I haven't been doing much pottery lately. My wheel and kiln were down for a while and now it's very cold in the basement, and I just can't get motivated to get down there.
I've been playing with yarn instead. I learned how to knit maybe 5 years ago, but only knit occasionally.
I decided to try to dye my own self striping sock yarn. I had a bunch of undyed kona superwash fingering from Henry's Attic. I had dyed some long ago and then put it away and essentially forgot about it.
Anyway... After educating myself by reading several online websites I learned that to make self striping sock yarn you have to have a really long loop of yarn. One website I read (here) helpfully suggested that one knit up a few rounds of a sock using the desired number of stitches cast on, marking each new round with a magic marker. Then to unravel the yarn and measure how many inches it takes to make a round.
I did this and found that my socks take appx. 30" of yarn for each round. So to have, say, 3 stripes of one color, 2 stripes of the next color, and 2 stripes of the last color, I'd have to have 90" of the first, then 60" of the second, and 60" of the third. This would require a skein of 210" or about 6 yards. That's a big skein!

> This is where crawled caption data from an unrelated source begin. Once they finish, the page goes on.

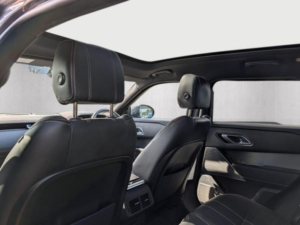 2019 Land Rover Range Rover Velar 2.0 D240 R-Dynamic Se Auto 4WD Euro 6 (s/s) 5dr in Grey — image 5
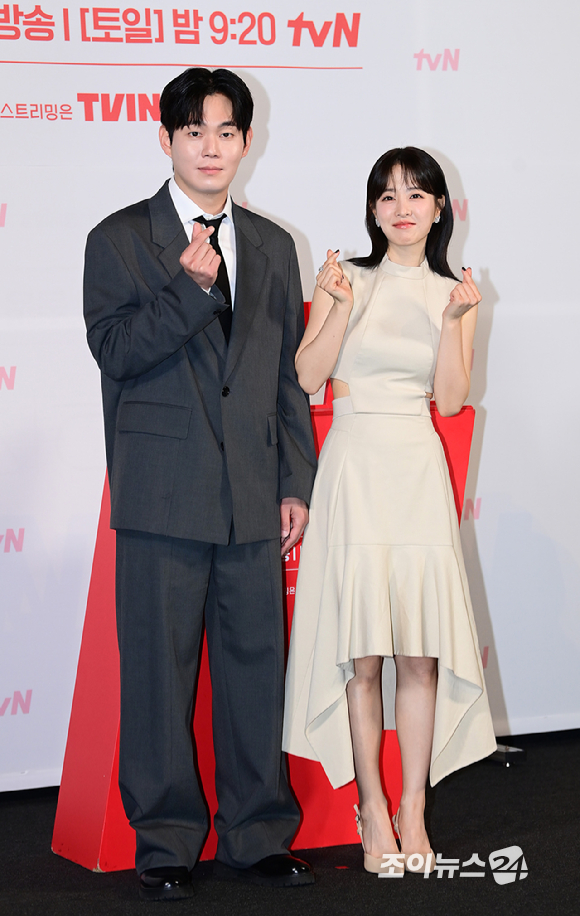 배우 류경수와 박보영이 21일 오후 서울 영등포구 CGV 영등포에서 열린 tvN '미지의 서울' 제작발표회에서 참석하고 있다. [사진=정소희 기자]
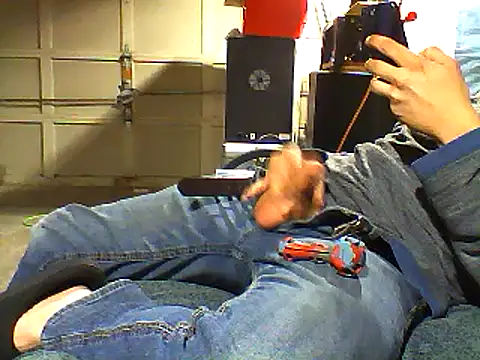 Snapshot of SmokingSloth chatting on February 27, 4:52 am SmokingSloth online show from February 27, 4:52 am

I decided to educate myself further and find out how people wind such large skeins. Eunny Knit (link above) describes winding it around two tripods or lamps. I didn't want to do that. KS over at Knitters Review Forums pointed out warping mills to me (e.g. warping mill). These are used by weavers to wind loops of many yards (as many as 20 yards or more!) for their looms, and look like exactly what I want. Unfortunately they are fairly expensive, and I don't have $300 to spend on one.
I decided I could make a makeshift one myself, and proceeded to raid my daughter's tinker toys (actually SuperStructs). Here's what I came up with:

It's gone through a couple of tweaks since this first attempt. Basically it's just a box that rotates around an axle. There's a peg at the top to wrap the yarn around, and a peg at the bottom. You wrap the yarn around and around (as many times as it takes to get half the length of the skein you want) then you loop it over the bottom peg and wrap back up to the top following the path the yarn made on the way down. The cool thing about making it out of tinker toys is that you can change the height, move the pegs around etc... to get pretty close to the length of skein you want.
So far I've managed to make a skein as long as 16 yards with this contraption, which would allow me appx 19 rows of a sock to design stripes with.
I don't think I'd use this for making a warp for a loom (not that I'll ever do that), but for for making some self striping yarn it works like a charm! Here's a picture of some dyed yarn on the toy warping mill, and a picture of the dyed yarn being wound off the mill and into a center pull ball. That went surprisingly quickly and easily.

A picture of my first attempt at self striping yarn is posted at the top of this entry. The colors turned out with a little less contrast than what I had in mind, but I think it's still pretty. The number of rows per color turned out exactly as planned, so that's good.